The Wall Street Journal has observed that some other negative assist must occur for an oil price spike to cause a recession.

The dependence of the Asian supply chain that makes the guts of electronic devices may have metastasized into a standing-ready negative assist to multiply the effects of a jump in oil prices.

That gives Iran a foot on the throat of the global economy if it continues to have the power to shut down Persian Gulf exports.

Persian Gulf countries have diversified their economies.

Nowadays, they host many data centers, supply one fifth of the aluminum used by the U.S. economy and are major a sources of nitrogen fertilizer for global agriculture and helium to manufacture semiconductors.

These are supply chain challenges, like those confronted when Russia attacked Ukraine, and supplies of natural gas and fertilizer had to be replaced.

Importing nations found ways around these dependencies but not quickly

Also, the U.S. economy is laboring under other new supply chain stresses.

On-again, off-again tariffs are forcing uncertain adjustments on American businesses that have frozen new plant construction in much of manufacturing.

Stricter immigration policies are exacerbating labor shortages for factories, construction and elsewhere in the economy.

During the first Trump and Biden administrations, the U.S. labor force added 4.5 million foreign workers.
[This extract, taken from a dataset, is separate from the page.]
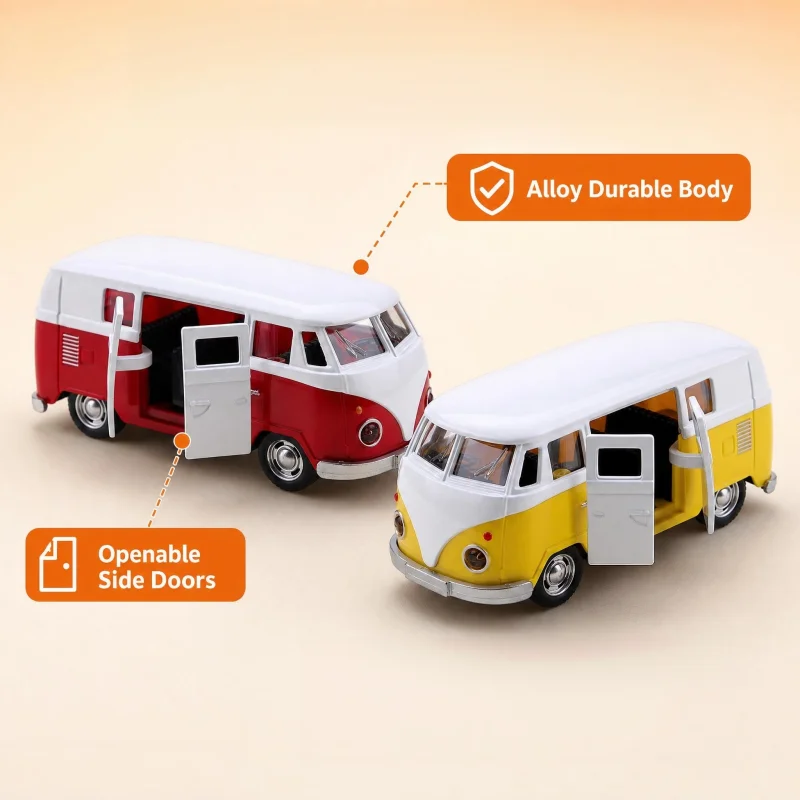 Retro Vintage Van Diecast Model, Red‑white & Yellow‑white Two‑tone Set, Open Side Door Pull‑back Alloy Car Collectible Ornament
During the first 13 months of the second Trump presidency, it has lost 600,000.

Immigrants fill about one-fifth of STEM positions, and over two-fifths of doctoral level science and engineering roles.

We must successfully conclude the war to secure the global economy, but that will require us to accept higher inflation and perhaps weather a recession.

Multiplying those costs, the loss of Middle Eastern oil and LNG has strengthened Russia’s economy and hand in Europe.

That’s not pretty but we can’t let the Axis—Russia, China, Iran and North Korea—maintain such a chokehold on the U.S. and broader global economy.

_______________

Peter Morici is an economist and emeritus business professor at the University of Maryland, and a national columnist.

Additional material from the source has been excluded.